Do legislators — including the head of the state Assembly — actually know what’s in the “no bail” criminal justice law? An interaction I had on social media this week suggests no.
On Wednesday, I tweeted out a Post news story on the arrest of six Bronx men accused of being part of a $7 million fentanyl-trafficking ring and released without bail under the new law. When arrested, they were allegedly in possession of hundreds of thousands of glassine envelopes containing a white powder.
Assembly Speaker Carl Heastie tweeted a reply, asking if I knew that the “judge used his/her discretion to let them go without restrictions.”
He added: “This is a felony and the judge could have given stricter Pretrial restrictions including curfew, home detention and electronic monitoring. Please read the law and understand judicial options.”
Well, I have read the law. I keep a copy on my computer for easy reference. I told the speaker so, adding that “Judges have a narrow discretion. They must opt for the least restrictive pretrial condition.”

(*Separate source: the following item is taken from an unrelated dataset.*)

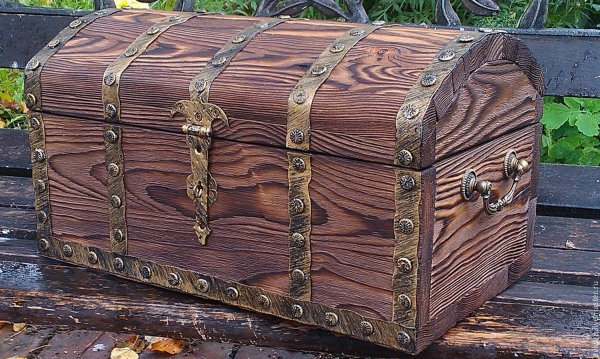 Старинный сундук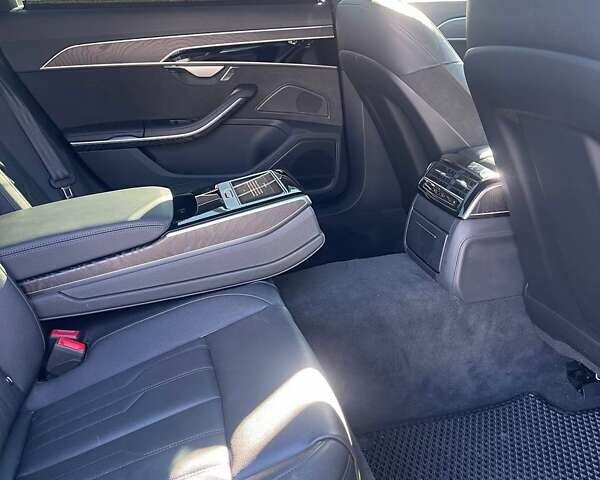 Чорний Ауді A8, об'ємом двигуна 2.97 л та пробігом 56 тис. км за 57700 $, фото 21 на Automoto.ua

Also, I noted, the progressive Vera Institute approvingly said the new law “remove[s] or severely restrict[s] the discretion law enforcement, prosecutors and judges have traditionally enjoyed in the criminal justice system.”
But Heastie was still looking for an out. He tweeted back that, given the large amount of drugs, the men might’ve been charged under the “kingpin” statute as major traffickers.
The speaker’s tweets revealed a loose grasp of the facts of the law he champions. And he was just plain wrong regarding the extent of discretion under the new law and the major-trafficker statute.
These defendants were ordered to surrender their passports and submit to Tier 1 supervised release. The judge rejected the special narcotics prosecutor’s additional request for travel restrictions, electronic monitoring and Tier 2, Level 5 supervised release — because the law specifically requires the least restrictive pretrial conditions practical in any case.